- Born: 18 June 1983 (age 42) Quezon City, Philippines
- Genres: Rock, blues, world music, jazz, pop, trip hop, pop rock
- Occupations: musician, producer
- Instruments: Guitar, drums, bass

= Patrick Tirano =

Filipino musician and record producer

Patrick Darroles Tirano, best known simply as "Pat Tirano", is a Filipino musician and, notably, an audio engineer and record producer. He plays music with numerous acts in the Philippine music scene, including Monkeyspank, Archipelago, Soaked in Scissors, and TOI. As a producer, his most notable works include albums by Sponge Cola, Mayonnaise, Cover Me Quick!, and Pupil's "Beautiful Machines" album, for which he was nominated as "Producer of the Year" in the 2006 NU Rock Awards.

==TOI and other projects==
In 2007, Patrick Tirano, singer/writer/host Pauline Diaz, and interior designer/visual artist, Mei Tayengco collaborated to form the project TOI, calling it a "plaything created by three minds". Tayengco acted as manager, Tirano did guitars and Diaz supplied the vocals.

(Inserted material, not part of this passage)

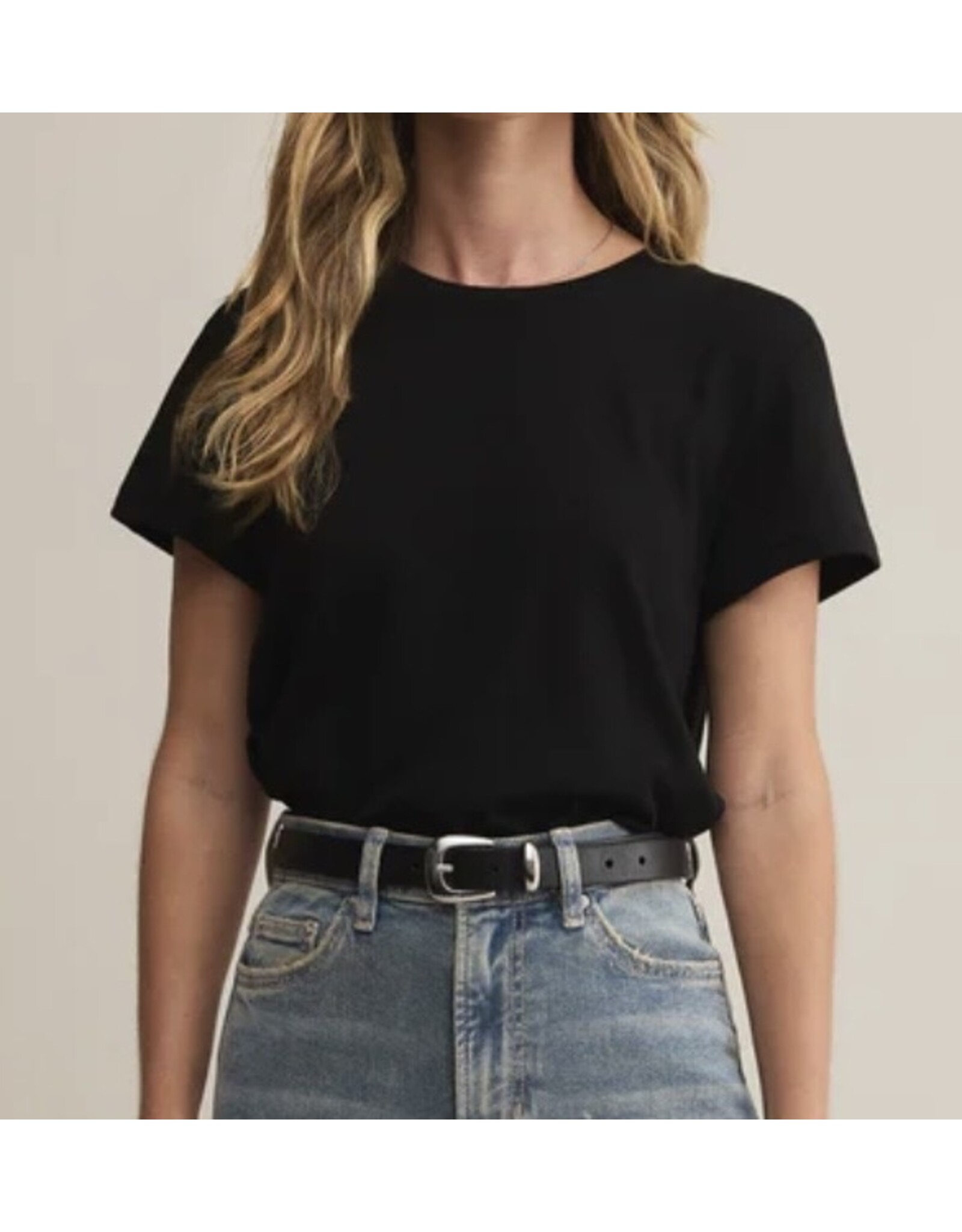 ZSupply Tourist Tee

Writer Gabrielle De La Rama-Talan, called TOI's music "a compelling, strange and heady mix of blues and jazz." All of the duo's collaboration efforts took place in Wombworks, a record studio founded by bassist Louie Talan, where TOI recorded the album "Fortune's Fool"

Tirano and Diaz eventually got Salamin bassist Miks Bersales and drummer Archie Asistores, and became Toi's "The Goonies". The foursome began to draw the attention of indie fans, while playing actively in local bars like Route 196, Saguijo, Magnet, and 70s Bistro. Soon, the new band recorded a live session at Wombworks aptly called "Toi and The Goonies Live @ The Womb".

In 2008, Tirano became busy engineering and producing Sponge Cola's third record. He is also still currently working with his bands Monkeyspank, TOI and Archipelago in doing other producing stints.